October 13, 2005


Unlikely Exploits #1: The Fall of Fergal. By Philip Ardagh. Scholastic. $5.99.

     Philip Ardagh is determined to follow up his delightful Eddie Dickens Trilogy with another delightful trilogy – but, at least in this first book, he’s a little too determined.  The Fall of Fergal seems to be trying too hard to be funny, offbeat, morbid and weird, all at the same time.  Among the Eddie Dickens books, the first – A House Called Awful End – was the best, with Dreadful Acts and Terrible Times not quite at the same level.  In this new trilogy, one has to hope that Ardagh will reverse things and get better as he goes along.

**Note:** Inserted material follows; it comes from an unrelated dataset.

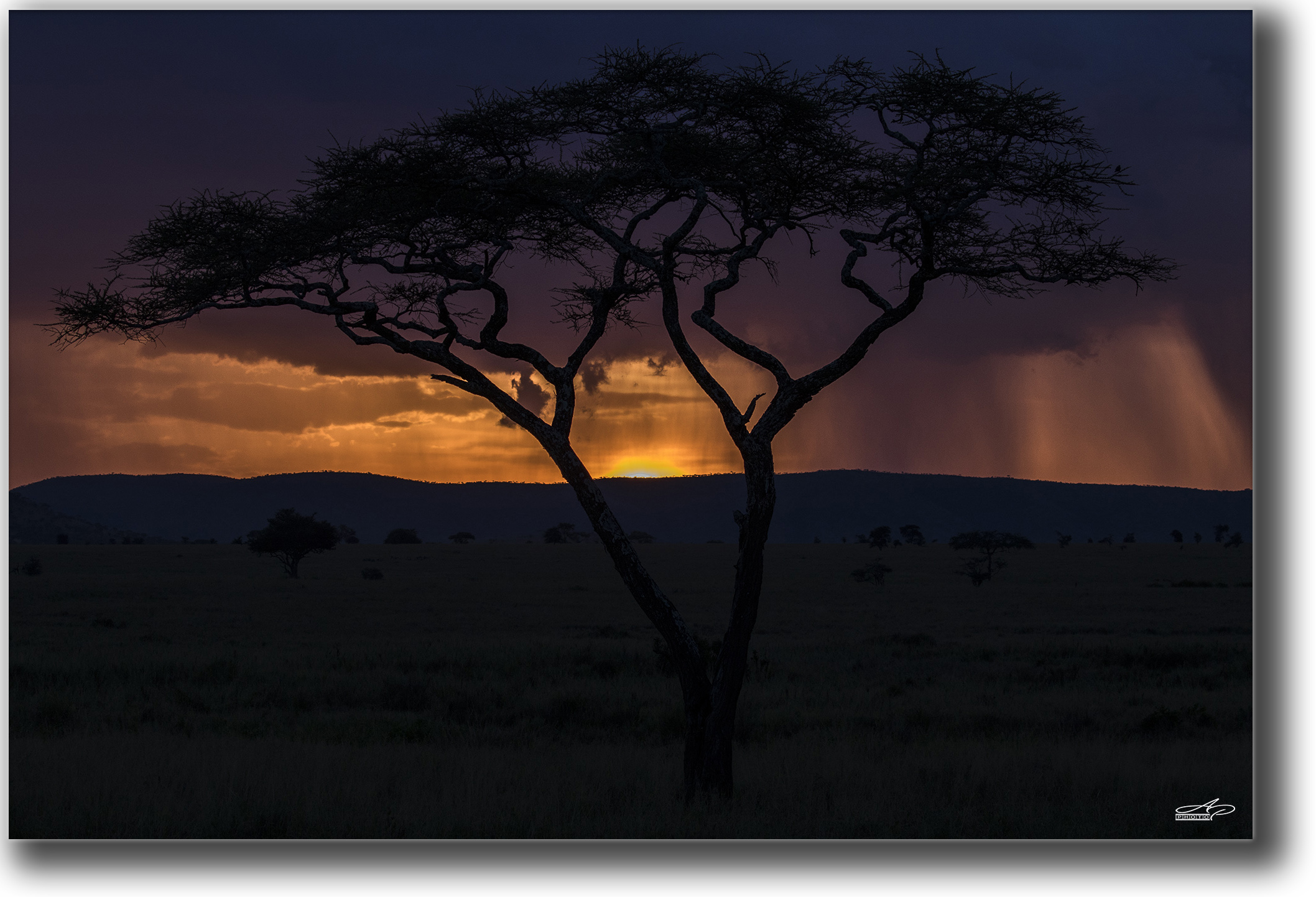 Africa tra oro e tempesta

     The Fall of Fergal begins with the fall of Fergal McNally from a 14th-floor window in a hotel.  Fergal is thoroughly smushed, and no, it does not turn out to be a dream or an alternative universe or an imaginary sequence or a video game.  Fergal is well and truly splatted onto the pavement, leaving Ardagh with the task of preventing the rest of the book from being an anticlimax.  He does this by flashing back to the events that led to Fergal being at the window, while occasionally flashing forward to remind us that Fergal really has been removed from the story even though you are reading about him.  It all gets a bit confusing as well as more than a bit morbid, which is fine if you like that sort of thing.

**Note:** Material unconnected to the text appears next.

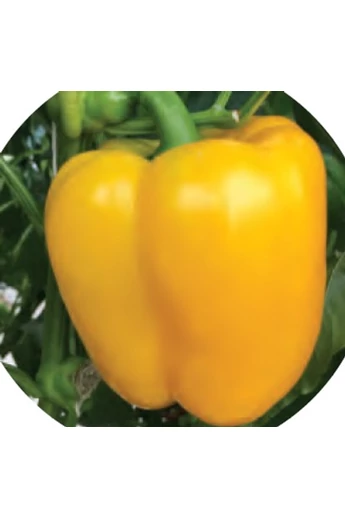 Deniro F1  paprika vetőmag 100 szem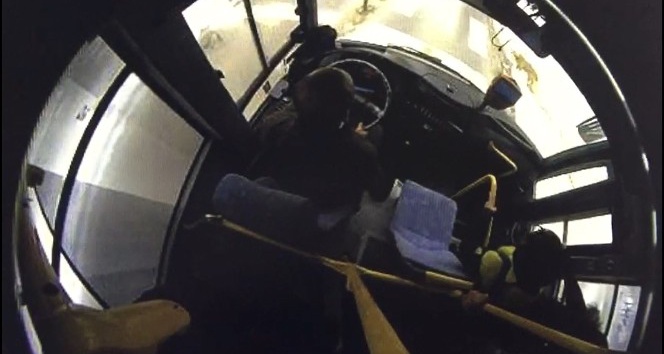 Şoförün, yaya geçidinde bekleyen köpeğe yol vermesi kameralara yansıdı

     If you do, you’ll enjoy this story of the McNally family, which is headed by a nasty one-legged father named Rufus McNally – a war hero whose personality disintegrated when he lost his leg.  Actually, the McNally children are under the care of “older older sister Jackie,” who is old enough almost to be her siblings’ mother even though she isn’t, and about whom Ardagh throws in a weird secret toward the end that he says readers should have figured out but that you really can’t unless you read the book back-to-front.

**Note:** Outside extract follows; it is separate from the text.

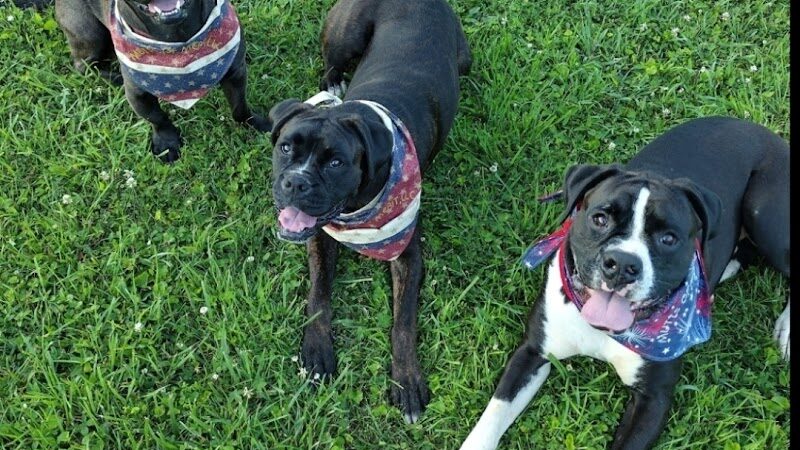 Mutts of Merit in Motion - Sniffspot - Indiana, PA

     In this story, Le Fay McNally travels to town to be in the finals of the Tap ‘n’ Type typing competition, and her siblings have to find a way to join her and root for her.  In addition to Jackie and the unfortunate Fergal, the siblings include Albie and Joshua, “almost-identical twins” who travel on a single bus ticket (the family being desperately poor) because “Jackie hoped that if they kept on the move and took it in turns to hide in the loo, the bus driver would think that they were one and the same person.”  Also featured here are a ventriloquist with a large mustache, who turns out to have an important role in the typing competition, and a hotel detective nicknamed Twinkle-Toes who does not have a major role in the competition but has a highly important part in the end-of-book climax (not to be confused with the start-of-book defenestration climax).  There is much self-reference here by Ardagh, who keeps pointing out how witty he is instead of just going and being witty as in some of his other books.  Still, The Fall of Fergal is fun in many spots (not bloodspots), and perhaps later books in the trilogy will rise a bit higher.